Ada banyak istilah dan ungkapan dalam bahasa Jawa yang sudah lama tidak terdengar diucapkan orang. Anak-anak Jawa sekarang, generasi millenial dan Z, tentu banyak yang tidak paham istilah ‘belo melu seton’, misalnya. Mendengar saja belum pernah.
Beruntung dulu waktu kecil Pak Bei sering ikut nonton pementasan kethoprak melalui siaran TVRI Yogyakarta di TV milik tetangga setiap malam Rabu.
Dari menonton teater tradisional berbahasa Jawa itulah anak-anak generasi Pak Bei mendapatkan banyak tambahan kosa kata bahasa Jawa, di samping juga mengenal sejarah dan para tokoh kerajaan masa lalu.
“Jaman sekarang kok masih ada ‘belo melu seton’ ya, Pak Bei,” kata Kang Narjo yang pagi ini sengaja mampir minta kopi. Biasanya Kang Narjo hanya lewat saja sejak Pak Bei berhenti langganan koran. Tapi pagi ini dia tiba-tiba datang memarkir motor dengan muatan tumpukan koran yang tidak seberapa banyak. Mampir ngopi, begitu katanya.
‘Belo melu seton’ apa maksudmu, Kang?,” tanya Pak Bei memancing Kang Narjo.
“Belo itu anak jaran, kuda. Ingat kan, Pak Bei?”
“Ya ingat, Kang.”
“Melu artinya ikut.”
“Iya paham.”
“Seton dari kata Setu atau Sabtu, nama hari.”
“Iya tahu. Terus apa maksudnya?”
“Dulu di jaman kerajaan, sejak Kediri, Daha, Majapahit, Demak, hingga Mataram, setiap hari Sabtu ada gladen, latihan berkuda yang diikuti oleh para pejabat dan semua prajurit. Mereka mengasah ketrampilan berperang, menunggang kuda sambil melempar tombak atau panah. Masyarakat pun tumplek-blek menonton pertunjukan gratis itu setiap hari Sabtu.”
“Iya, sejarahnya memang begitu.”
“Di antara kuda-kuda yang gagah dipakai gladen, tidak jarang ada beberapa belo, anak-anak kuda, yang ikut berlarian dan melompat-lompat lucu. Pemandangan itu menjadi hiburan tersendiri bagi anak-anak kecil yang ikut menonton.”

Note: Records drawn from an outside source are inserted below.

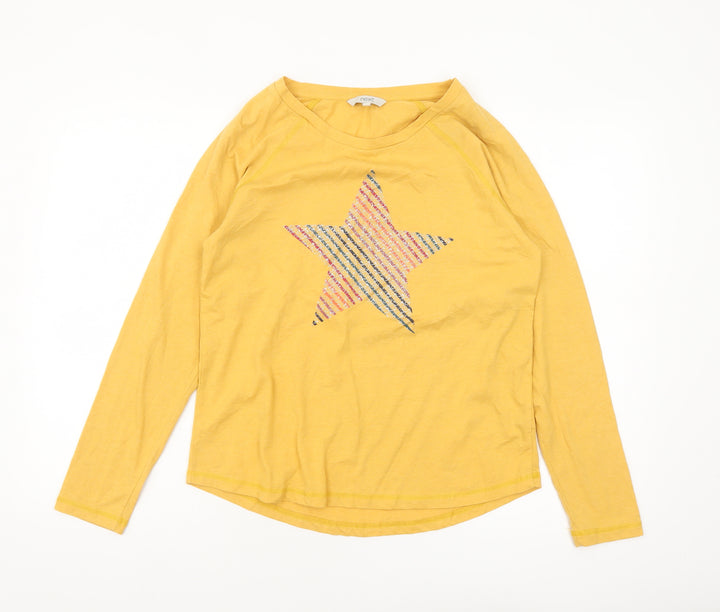 Next Women’s Yellow Star Long Sleeve Cotton Blend T-Shirt Size 12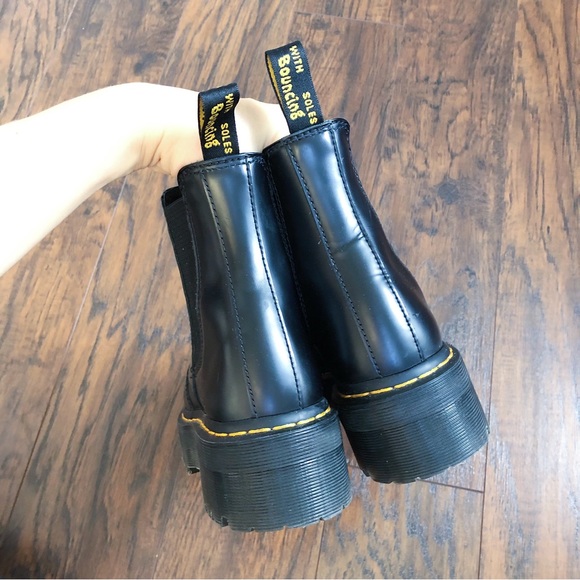 SOLD Dr Martens • 2976 Chelsea Boot Quad platform black smooth leather chunky - Picture 10 of 14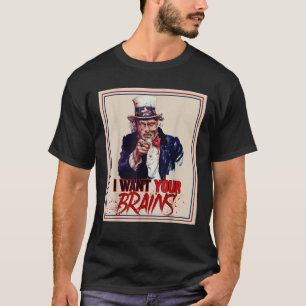 Zombie farbror Sam, jag vill ha dina brains Hallow T Shirt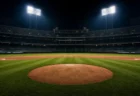 ナイター照明に照らされたメジャーリーグ球場のマウンドとダイヤモンドの写実的な写真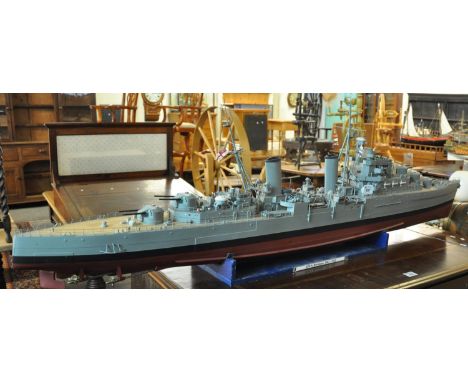 Exhibition quality scratch built scale model of the Royal Navy 'Dido' class light cruiser 'HMS Hermione' 1850 tonnes fully lo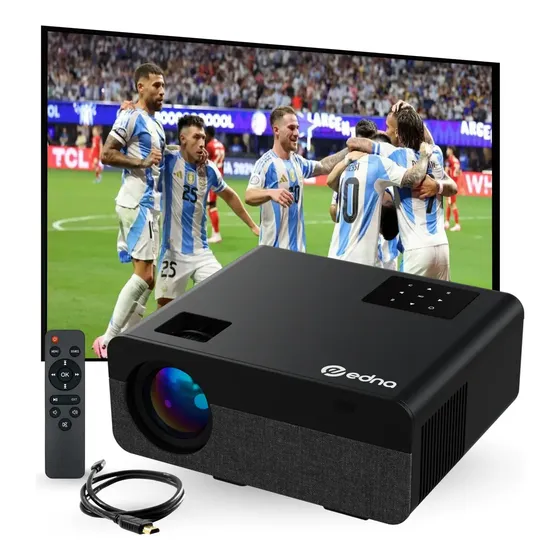 Proyector Edna Orion Full HD 1920p | Proyección 150'' y Brillo 6000 Lúmenes y Bluetooth LED | Incluye cable HDMI y AV + cubre lente | Compat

“Bisa dibayangkan, Kang, tentu anak-anak kecil lebih suka melihat belo-belo yang lucu itu.”
“Dari situlah maka ada ungkapan ‘belo melu seton’. Itu ungkapan analogis, Pak Bei.”
“Analogis bagaimana maksudmu?”
“Seorang raja kan biasanya punya anak laki-laki yang dipersiapkan untuk meneruskan tahtanya bila raja sudah mangkat, meninggal. Anak itu bisanya dipanggil Kanjeng Pangeran.”
“Raja menyiapkan kader penerusnya ya, Kang.”
“Si Pangeran itu sejak kecil sudah diikutkan gladen, latihan menunggang kuda dan mengunakan senjata. Di hari biasa juga dilatih ikut mengurusi berbagai kegiatan kerajaan. Semacam ‘magang’ kalau istilah jaman sekarang.”
“Sejak kecil sudah ikut berlatih mengurus kerajaan ya, Kang.”
“Iya, Pak Bei. Tapi semua orang bisa memaklumi. Salah pun dimaklumi. Namanya juga Pangeran, anak raja yang memang dipersiapkan akan menjadi raja.”
“Tidak ada orang berani protes ya, Kang.”
“Tidak ada yang protes, Pak Bei. Justru semua pejabat keraton seakan berebut untuk bisa membantu si Pangeran itu. Semua ingin menunjukkan loyalitasnya pada Raja junjungannya. Apapun akan mereka lakukan demi menyenangkan hati Raja dan Pangeran.”
“Tapi itu kan sejarah jaman Kerajaan, Kang. Tentunya di jaman Republik tidak ada lagi.”
“Seharusnya…”
“Seharusnya, bagaimana maksudmu?”
“Setahuku jaman sekarang ini juga masih ada, Pak Bei. Lucu, kan…”
“Di mana?”
“Iyak, Pak Bei ini lho…” kata Kang Narjo sambil senyum-senyum, berdiri, mengulurkan tangannya ngajak salaman, sambil berbisik “Belo melu seton tapi resmi, Pak Bei.”
“Loh, mau ke mana, Kang?”
“Aku kan harus melanjutkan tugas negara.”
“Ooh ya sudah sana. Hati-hati di jalan.”
Kang Narjo langsung menunggang motornya keluar dari Ndalem Pak Bei, mengantar koran pagi ke rumah-rumah pelanggannya yang masih setia.